I don't totally know what I am talking about.

I just don't see how it is possible to use the inferior properly without the dominant being as well-developed. How can I go around shaking hands and kissing babies when I don't have a Ti reason to do so? I could try for a bit but then eventually my Ti will scream and say why am I doing this illogical thing? Then I need to go get a reason before I can carry on my merry way. 

And the dominant cannot develop properly without the auxiliary being developed because of how one function is orientated to the outer world and one to the inner world.

Actually... what would operate in what different contexts?


----------



## penchant (Sep 20, 2010)

pc3000 said:


> I don't totally know what I am talking about.
> 
> I just don't see how it is possible to use the inferior properly without the dominant being as well-developed. How can I go around shaking hands and kissing babies when I don't have a Ti reason to do so? I could try for a bit but then eventually my Ti will scream and say why am I doing this illogical thing? Then I need to go get a reason before I can carry on my merry way.
> 
> ...


Sorry if sound confusing. This is not exactly my expertise either, but I felt you might be generalizing too much, so I just wanted to ask some clarifying questions.

I very much agree with you that the inferior function is tricky. But don't totally write off the possibility that you could find a Ti logic to using your Fe, as soon as you are aware of your Fe. Actually, many consider the inferior function to be an aspirational function, so that it is actually something which you admire in others. But, not everyone likes babies, so YMMV. For me the reason to actively try to develop my inferior function is that I know that it would make me a more balanced person. Don't you think there could be expressions of Fe that you would think would make you a more well-rounded person?
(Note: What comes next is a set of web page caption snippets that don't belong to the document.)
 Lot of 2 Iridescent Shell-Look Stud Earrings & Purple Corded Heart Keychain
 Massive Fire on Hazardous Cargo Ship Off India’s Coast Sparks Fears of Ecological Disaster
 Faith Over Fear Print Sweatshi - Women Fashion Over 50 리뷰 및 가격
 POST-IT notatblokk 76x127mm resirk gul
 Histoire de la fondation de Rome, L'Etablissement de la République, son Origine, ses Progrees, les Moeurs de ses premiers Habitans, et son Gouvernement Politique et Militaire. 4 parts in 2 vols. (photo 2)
I don't think that it happens very often that any function becomes more developed than the dominant, but at least in theory it should be possible, since the MBTI type only signifies preference among functions, not abilities or talent. In some circumstances it seems obvious to me that the tertiary can be more developed than the auxiliary for instance.
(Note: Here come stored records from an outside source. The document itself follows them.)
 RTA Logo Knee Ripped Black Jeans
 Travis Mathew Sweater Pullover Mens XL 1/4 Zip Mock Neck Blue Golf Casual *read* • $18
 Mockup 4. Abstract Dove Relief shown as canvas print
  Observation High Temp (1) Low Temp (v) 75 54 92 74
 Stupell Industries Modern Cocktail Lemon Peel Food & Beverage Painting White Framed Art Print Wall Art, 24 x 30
The tertiary, being of the same attitude as the dominant (introvert or extravert) will have the support of the dominant in its attitude, and if the context heavily favours introversion or extraversion, it seems to me reasonable that the auxiliary will be comparatively less developed. Of course the inferior doesn't have the same relation to the dominant, so that's a different issue.

I think you are right in one sense though, namely that it takes time for the use of any function to develop, which explains why normally the tertiary doesn't develop much until in your 20s and the inferior until your 40s. But that is a generalization which isn't valid for every single individual. There is, as I understand it, nothing intrinsic in the MBTI system that rules out exceptions in this case.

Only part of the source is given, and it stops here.